The Restaurant and Lodging Association wrote in early January that “Florida businesses can no longer afford to continue to increase the pay of tipped employees who make well over the minimum wage,” saying the organization was “in discussions with Senate and House leadership regarding a possible legislative constitutional amendment that, if passed, would appear on a statewide ballot to change that requirement.”
The Association added in its press release issued Tuesday that the new proposed bill “will prevent restaurateurs from taking drastic measures by either laying off workers or relocating to other states.”
According to the Florida Department of Economic Opportunity’s December jobs report the leisure and hospitality industry had the second largest job growth in 2011, adding 30,400 jobs, 23,500 of which were in the food services and drinking sector.

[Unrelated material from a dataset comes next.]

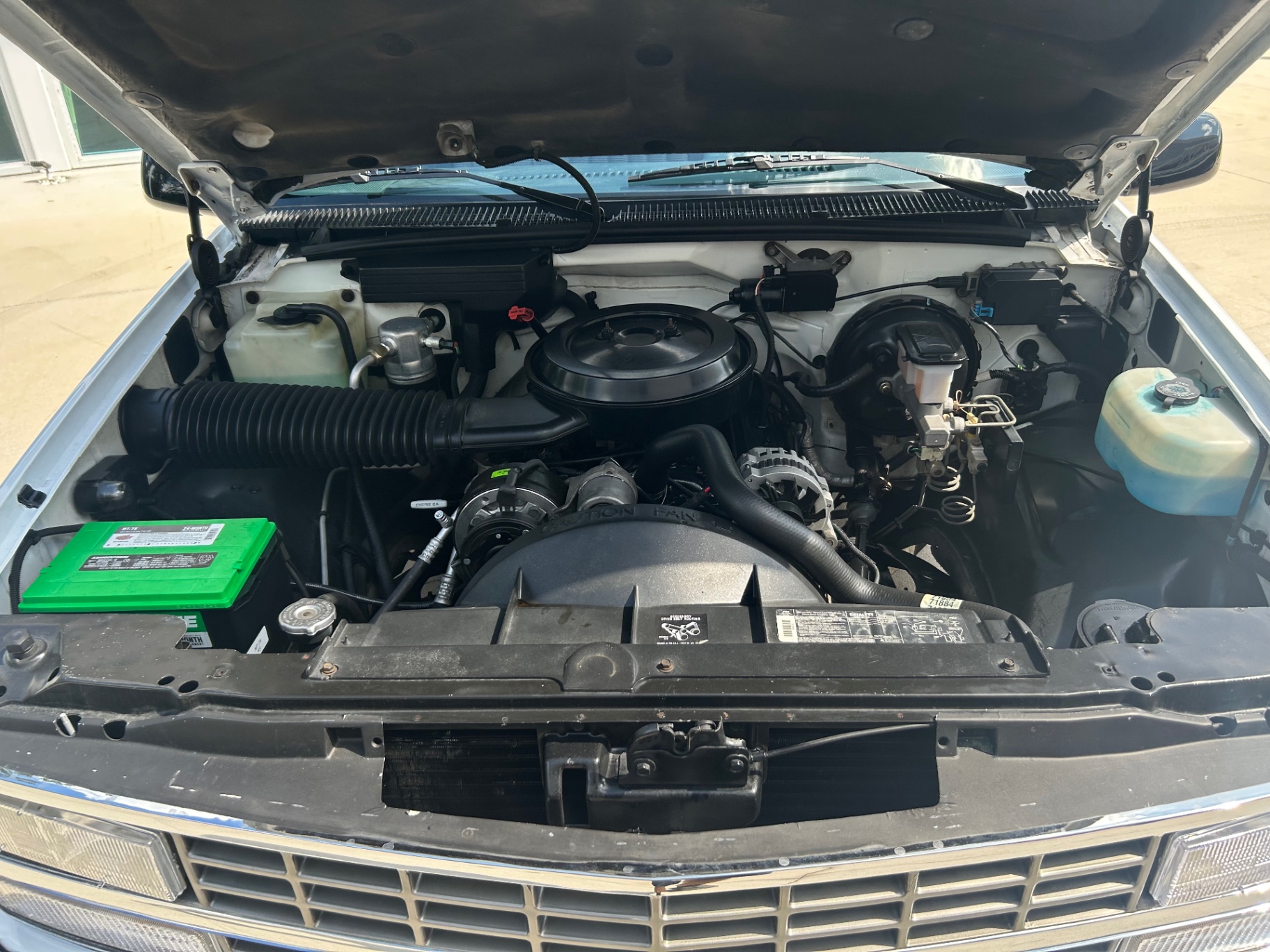 Vehicle photo 17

Emily Eisenhauer, an associate researcher at Florida International University, tells the Independent that “these are the same concerns that industry leaders had when Florida voters passed” the constitutional amendment to raise the minimum wage with the annual inflation rate in 2004.
Eisenhauer says that employment data shows that raising the minimum wage has created no “dip in the employment, no increase in unemployment, even in retail and leisure and hospitality industries that depend heavily on low wage employment,” adding that “it doesn’t appear to have any effect on the overall economy.”
According to Eisenhauer, minimum wage increases that “have averaged 19 cents a year in the last six years” are an adjustment for inflation: “Last year it was a six cent increase, and this year it’s a 36 cent increase, which brings the minimum to $7.67, which is higher than the federal minimum but lower than 11 other states.”
“I think the annual increases are an efficient and straightforward way of making sure the minimum wage keeps its value,” Eisenhauer says.
“Now we’re trying to climb out of a great recession,” she says. “When the minimum wage was passed in 1938 it was a similar situation. … In order to get the economy back on track we need to have people earning to buy the goods and services we have in the economy.”